Receiving buffers and messages in user-mode

Receiving buffers from the user-mode is done by using an IOCTL. First, we create another thread in our user-mode application. This thread is responsible for bringing the kernel-mode buffers to the user-mode and then operate based on Operation Number.

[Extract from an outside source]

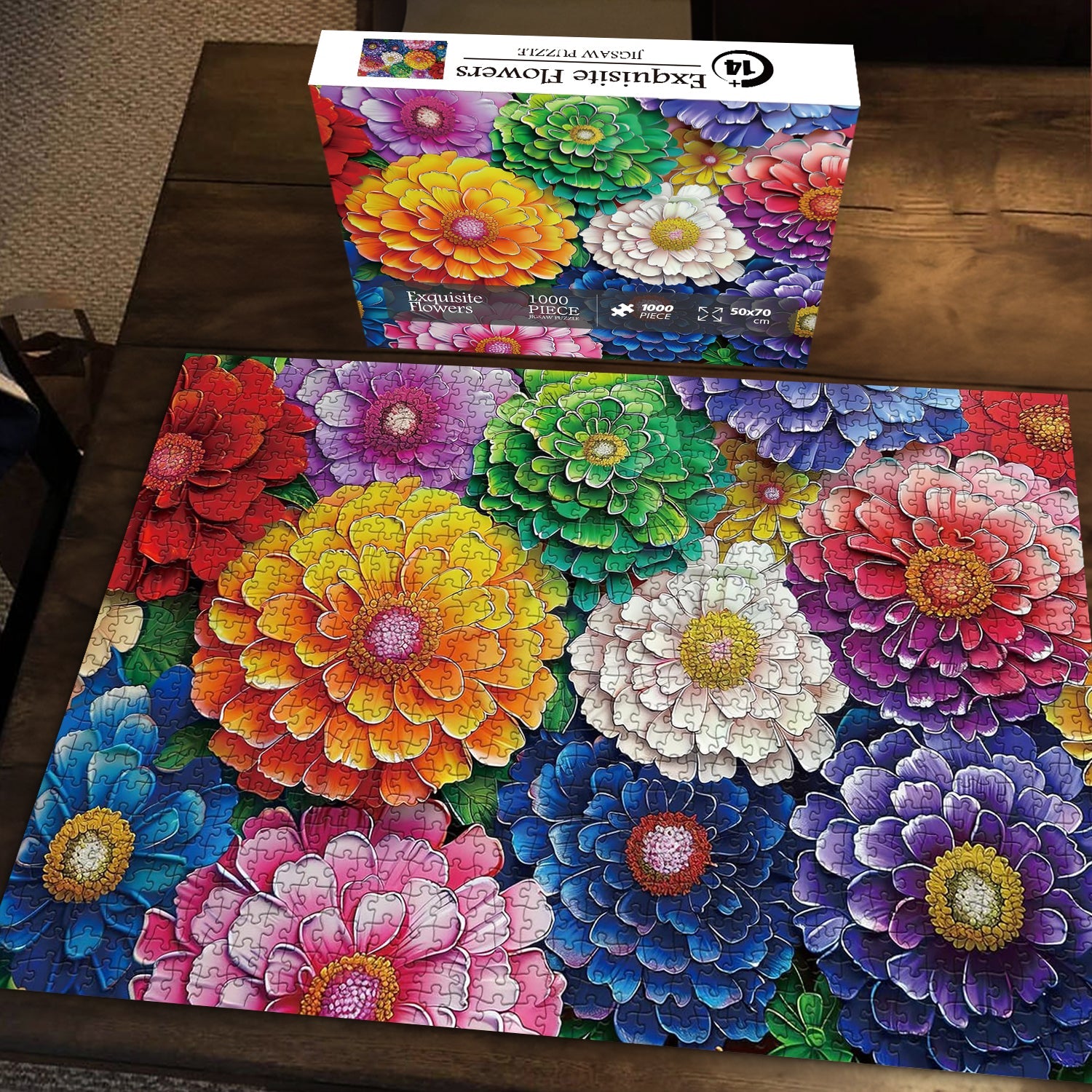 Squisiti fiori puzzle puzzle 1000 pezzi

        HANDLE Thread = CreateThread(NULL, 0, ThreadFunc, Handle, 0, NULL);
        if (Thread) {
            printf("[*] Thread Created successfully !!!");
        }

This thread executes the following function. We use IRP Pending for transferring data from kernel-mode to user-mode. IRP Pending is primarily used for transferring a packet. For example, you send an IRP packet to the kernel, and kernel marks this packet as Pending. Whenever the user-mode buffer is available to send to the user-mode, the kernel completes the IRP request, and the IOCTL function returns to the user-mode and continues the execution.

It’s somehow like when you use Wait for an object. We can also use events in Windows and whenever the buffer is available the event is triggered but IRP Pending is better as it designed for the purpose of sending messages to user-mode.

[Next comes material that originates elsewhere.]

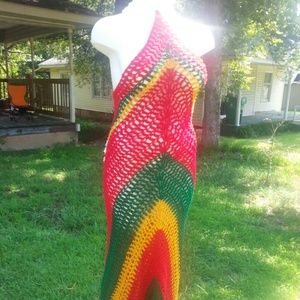 SOLD Rasta Dress Christmas in July Price Slash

What we have to do is allocating a buffer for kernel-mode code and using DeviceIoControl to request the packet. When the packet from the kernel received, we process the packet and switch through the Operation Number.

void ReadIrpBasedBuffer(HANDLE  Device) {

    BOOL    Status;
    ULONG   ReturnedLength;
    REGISTER_EVENT RegisterEvent;
    UINT32 OperationCode;

    printf(" =============================== Kernel-Mode Logs (Driver) ===============================\n");
    RegisterEvent.hEvent = NULL;
    RegisterEvent.Type = IRP_BASED;
    char OutputBuffer[UsermodeBufferSize + 100] = { 0 };

    try
    {

        while (TRUE) {

            ZeroMemory(OutputBuffer, UsermodeBufferSize);

            Sleep(200);                            // we're not trying to eat all of the CPU ;)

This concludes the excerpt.